Some Nephites, still full of nativist sentiment, try shooting him down with arrows but, miraculously, Samuel is unharmed. What would a Lamanite prophet have to say to the Nephites? Nothing, unless of course those Nephites were under some kind of Lamanite political control; in the ancient world the Church and the State were one and the same. 

So if, not long  after the Amalickiahite Wars, the Nephites were vassals of the Lamanites, why didn't Mormon just say so? The answer is simple: doing so would undermine the message of the Book of Alma; anything less than a complete and enduring victory would make Captain Moroni's story less grand and impactful. Recognizing rhe original Gadianton Robbers as freesom fighters also undermines Mormon's depiction of Gadianton Robbers and "secret combinations" as pure evil. Mormon instead highlights their later decadence.

As Grant Hardy has observed: "as a historian, he needs to present an overview of Nephite history that is true to his sources; as a writer, he wants to construct a narrative that is aesthetically pleasing and compelling; and as a moralist, he takes responsibility for teaching correct doctrine and providing spiritual guidance.
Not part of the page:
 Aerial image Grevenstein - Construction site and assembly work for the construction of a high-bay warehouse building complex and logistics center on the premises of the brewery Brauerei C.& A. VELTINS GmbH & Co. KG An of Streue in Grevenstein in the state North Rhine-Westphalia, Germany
Unfortunately, the demands of historical accuracy, literary excellence, and moral clarity do not always fit well together, and if we read closely we can see Mormon struggling to reconcile them."

H.D.F. Kitto once wrote of Thucydides that, given the amount of source material available to him, "one of his chief preoccupations must have been to leave things out." 

In Alma 49, speaking of the city of Noah, Hardy explains that "Mormon did know more about why so many inhabitants of Noah had met their deaths,but he chose not to share that information in Alma 16, because that would have disrupted the clear moral point that he was trying to make"(Alma 49:13-15; Alma 16:3). 

Mormon also tells the story of Ammonihah's destruction before the story of Ammon's mission to the Lamanites because Ammon's pacifist converts were the indirect cause of Ammonihah's destruction, again, undercutting the spiritual point he was then trying to make, that wicked people who kill the righteous will be punished by God. 

Viewing the original Gadianton Robbers as nativist insurgents, with the Nephites as vassals to the Lamanites, explains the cycle of violence described in the Book of Helaman; it also demonstrates how Mormon's need to moralize could get in the way of writing history.